We shop every two weeks. If a quick run is ever needed, one of us will go, but the kids don’t go to any stores. Thankfully, after living on our boat for almost four years, we have food storage figured out; we know how to pack the fridge, and shopping every two weeks has not been a problem. We’ve discovered that gallons of milk don’t fit well in the fridge, so we buy organic half gallons. We can store three of them in our various fridges (two under-cabinet fridges and one small drink fridge on the flybridge). We have also found that, after mostly skipping Costco trips while living on board due to space, buying some items there works for us. We can stock up on produce, cereal and bread, and it all gets eaten.
Having a vacuum sealer on the boat for meat and fish lets us individually portion those items by sealing and freezing them. It also helps us fit more in our under-cabinet freezer. We have a well-equipped galley, and we can cook on the boat as easily as we do at home, although cooking every day is getting tiring.

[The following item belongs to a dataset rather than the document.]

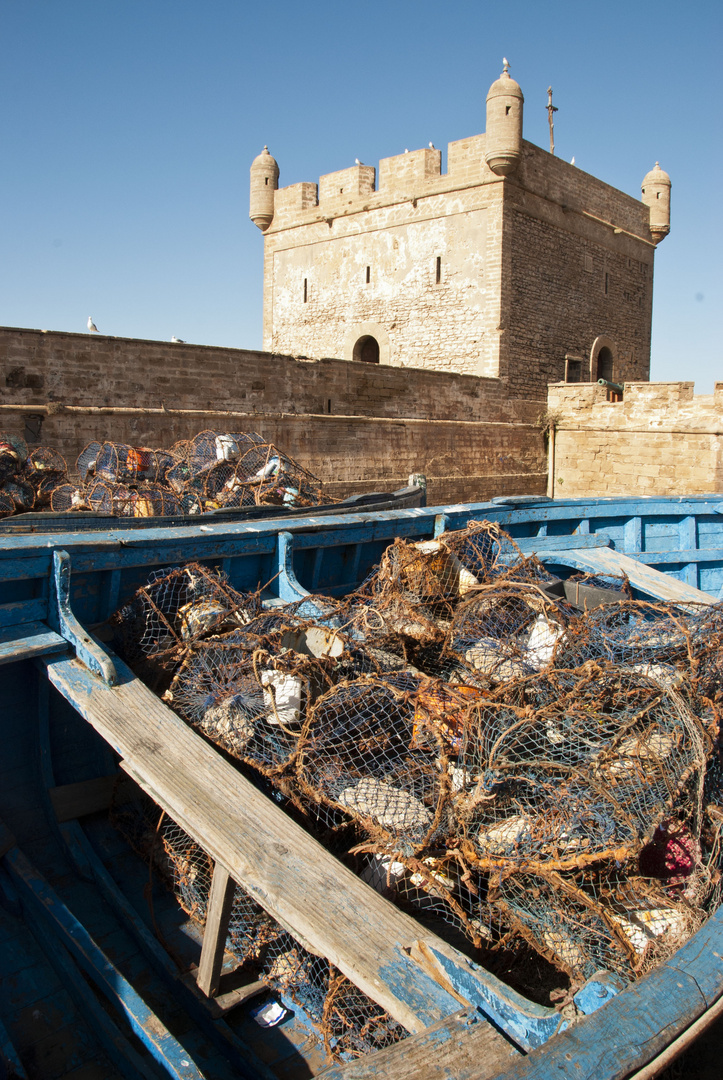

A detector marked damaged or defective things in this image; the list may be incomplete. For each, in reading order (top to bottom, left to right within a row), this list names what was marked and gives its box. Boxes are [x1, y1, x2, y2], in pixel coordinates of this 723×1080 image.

rusty crab trap [113, 792, 408, 1064]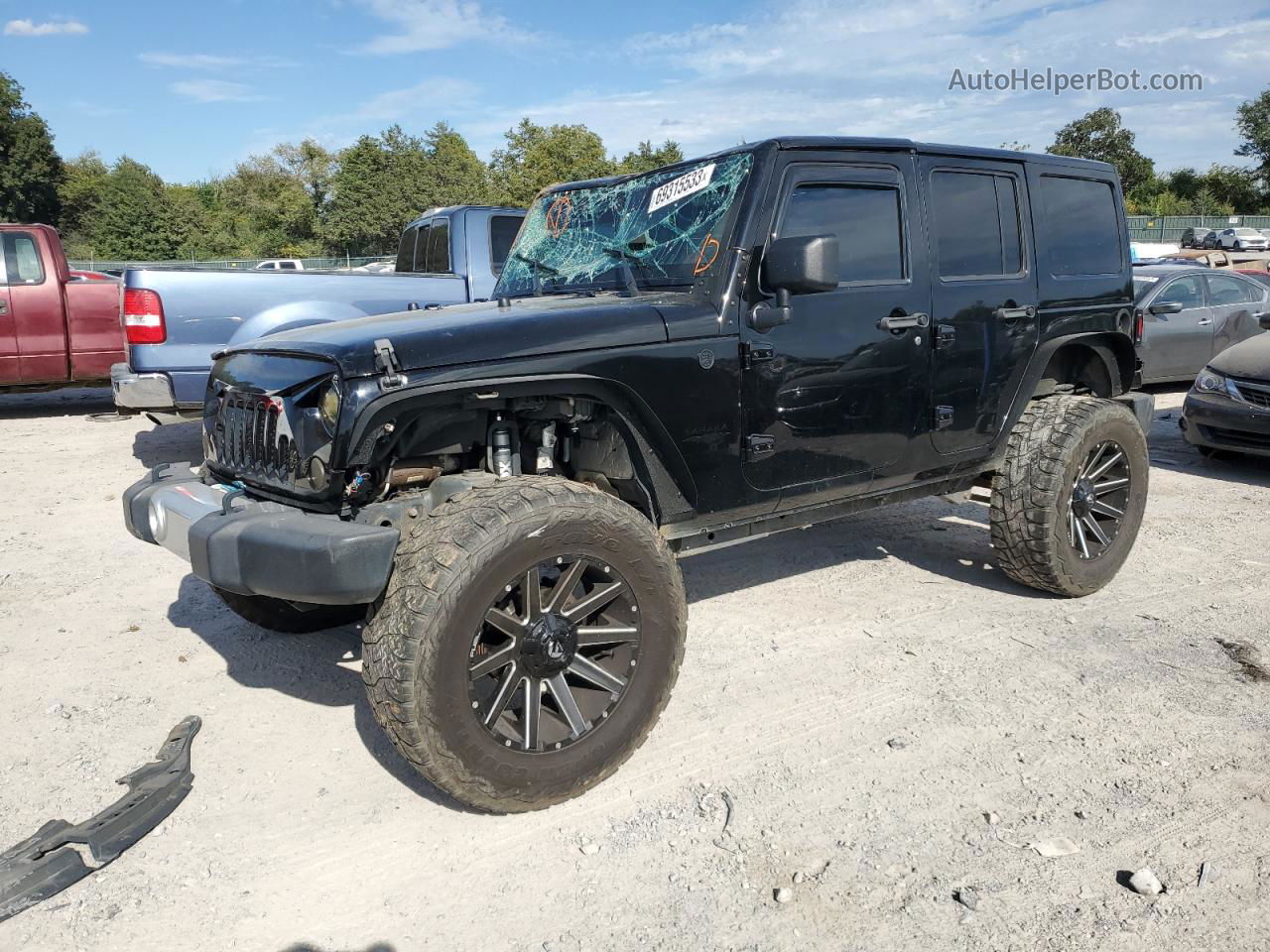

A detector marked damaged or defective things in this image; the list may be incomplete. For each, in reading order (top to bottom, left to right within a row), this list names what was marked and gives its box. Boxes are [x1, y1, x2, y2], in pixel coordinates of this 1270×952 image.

As for testing and writing about new electronics, many things have changed but many have also stayed the same. A full spring of manufacturer events, product announcements and meetings were all canceled. An in-person seminar on marine electronics that I was supposed to teach turned into a multi-day webinar, but many product evaluations have continued as normal. Though I’ve had delays in getting some products because of supplier shortages and representatives of companies being furloughed, I’ve been able to get enough products to keep me busy. With each passing day it seems like more companies are figuring out how to operate in our changing landscape, so I’m hearing from more and more companies.
I’ve been testing several products on the Carver and our center console, but several recent tests on the Cobia have required significant time on the water. So, ever the selfless slave to work, I’ve spent many hours on the Caloosahatchee River, the Gulf Intracoastal Waterway and in the Gulf of Mexico testing new equipment. I’ve been fortunate that in southwest Florida there haven’t been restrictions on boating beyond a prohibition on raftups, capacity limits and the closure of some parks and beaches.
We’ve already seen boaters re-energized about getting out on the water. It turns out that boats are especially well-suited for social distancing. Based on the amount of people we see cruising the local waterways, it appears that people are using their boats now more than ever. Once the lines are cast off and the boat has left the dock, little can replace the overall escape, relaxation and recreation one feels far from the shadow of a global pandemic.